The architectural canon derives significance through distillation - a curated reduction into discourse extracted from one perspective grounded in epistemological experience: plans, a section, a seminal photograph.
However, in the poly-objective aftermath of the internet age, controlled narratives have a way of dissolving, diluted in the acerbic ether of non-hierarchical search results, democratized digital reproduction, factual populism, tangential cancellations …and it would seem the canon’s become conversely… less digestible.
If x then y, if all narratives are uncovered, if all canonical buildings are white, if this will kill that, then what can we still learn from a single reading?

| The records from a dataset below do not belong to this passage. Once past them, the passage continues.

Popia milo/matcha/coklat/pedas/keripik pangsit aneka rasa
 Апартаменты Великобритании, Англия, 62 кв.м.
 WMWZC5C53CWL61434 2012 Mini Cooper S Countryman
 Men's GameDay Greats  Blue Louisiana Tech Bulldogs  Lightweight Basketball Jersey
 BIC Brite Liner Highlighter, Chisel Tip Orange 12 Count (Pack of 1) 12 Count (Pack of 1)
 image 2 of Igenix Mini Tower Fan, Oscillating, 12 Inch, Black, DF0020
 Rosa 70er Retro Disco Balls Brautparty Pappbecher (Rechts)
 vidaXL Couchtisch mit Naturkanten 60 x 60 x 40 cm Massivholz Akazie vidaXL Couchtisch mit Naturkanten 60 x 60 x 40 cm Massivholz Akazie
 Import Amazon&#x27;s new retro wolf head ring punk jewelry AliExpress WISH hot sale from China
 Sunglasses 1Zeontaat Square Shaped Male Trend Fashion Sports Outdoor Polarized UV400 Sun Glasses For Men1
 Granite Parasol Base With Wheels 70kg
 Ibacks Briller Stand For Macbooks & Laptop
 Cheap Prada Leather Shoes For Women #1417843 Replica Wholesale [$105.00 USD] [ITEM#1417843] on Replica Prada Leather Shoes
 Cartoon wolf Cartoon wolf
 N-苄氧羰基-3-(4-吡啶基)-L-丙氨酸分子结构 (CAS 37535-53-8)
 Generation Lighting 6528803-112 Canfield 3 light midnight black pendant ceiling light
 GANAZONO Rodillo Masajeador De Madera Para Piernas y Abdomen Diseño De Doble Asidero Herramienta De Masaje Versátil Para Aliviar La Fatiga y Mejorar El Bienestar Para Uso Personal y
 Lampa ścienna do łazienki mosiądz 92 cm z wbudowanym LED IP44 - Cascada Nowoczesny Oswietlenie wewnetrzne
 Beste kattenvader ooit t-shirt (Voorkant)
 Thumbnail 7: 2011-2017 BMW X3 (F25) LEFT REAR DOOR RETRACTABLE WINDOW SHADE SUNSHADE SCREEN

Or a single building?
Upon examination it would appear that this may be the root of the problem - there never was a single thing - and the canon relies on cherries picked, interpreted forms theorized into importance from a narrowed reality in support of a posited framework, a privileged theoretical view on a dais.
So what happens to the canon in the era of poly-objectivity, if every viewpoint exists on equal footing?
Turning the chosen few around and around as ideas, as objects, in 3D replica, in square holes, and ad nauseam for all time, inevitably leads to idealized arguments blurring, formative interpretations turned inconclusive, and, most significantly, the preclusion of possible invention and alternatives— a loss to the potential of architectural discourse which may never be fully overcome.
Or perhaps it’s simply a matter of perspective.